15 Temmuz darbe teşebbüsünün yaşandığı ilk geceden bu güne kadar verilen mücadelenin, 250’ye yakın şehidimizin olduğu bir darbe teşebbüsünün yaşandığı bir anıyı bu millet unutmayacak diye düşünüyorum. Biz o gün unutmadık. Uğur Mumcu Meydanı’nda daha darbenin yaşandığı ilk saatlerde elinde Kur’an-ı Kerim’i ile gelip oturan vatandaşımızı unutmadık. Elinde bayrağı ile Boğaziçi Köprüsü’ne çıkan vatandaşlarımızı unutmadık, unutmayacağız. Akıncı Üssü’nde, Gölbaşı’ndaki Özel Harekat’ta şehit polislerimizi unutmadık, unutmayacağız. Onların kadim ailelerini unutmadık, unutmayacağız.

“Hiçbirinin yüzünde pişmanlık yok”

İşte hemen yanı başımızda Silivri Cezaevi’nde darbe teşebbüsünde bulunan komutanların duruşmalarına hep birlikte tanıklık ediyoruz. Emin olun hiçbirinin yüzünde bir pişmanlık ifadesi okuyamazsınız. Her birisi hukuku çok profesyonel şekilde kullanan ve yaptığından da pişmanlık duymayan, adeta bu milletin aklıyla dalga geçercesine saatlerce savunmalarını uzattıkça uzatan bir anlayışın içerisinde. Ama bu millet onu da unutmayacaktır diye düşünüyorum.

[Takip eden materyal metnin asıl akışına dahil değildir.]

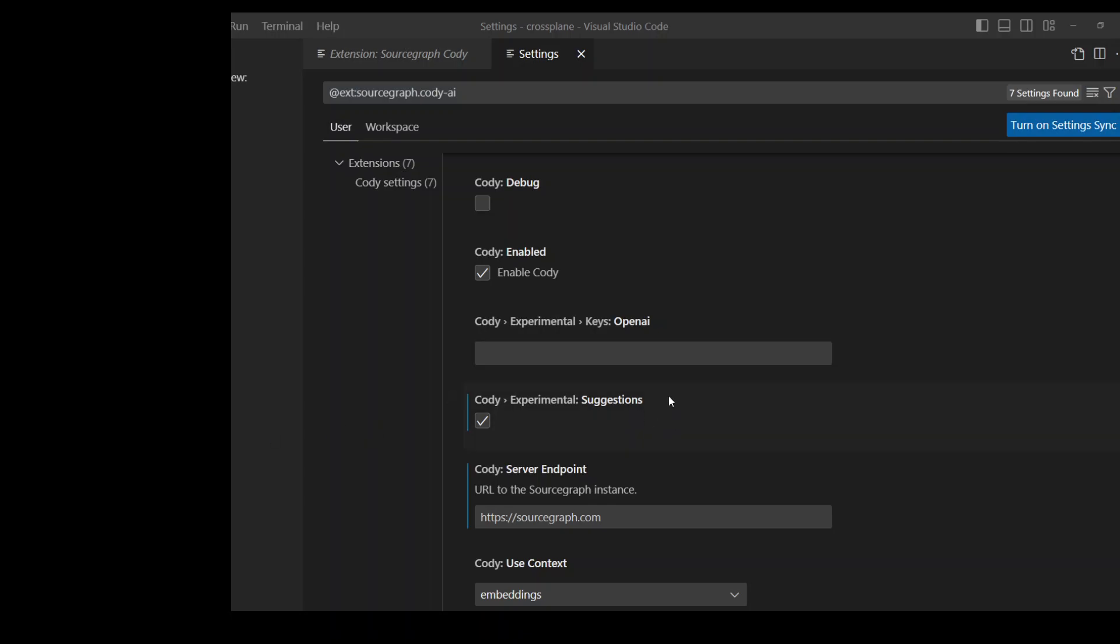And in that chat box, you can ask it to analyze your code and suggest new code chunks or any improvements, or it can even write the whole code for you.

Bu millet 250 tane şehidimizin olduğu bir darbe teşebbüsüne kontrollü darbe diyenleri de unutmayacak. Öyle bir darbe teşebbüsü yaşandı ki bu ülkede eğer ki bu millet meydanlara çıkmasaydı, bu millet şehit olmasaydı, bu millet gazi olmasaydı; bugün hiç kimse o meydanlarda, o sokaklarda olamayacaklardı.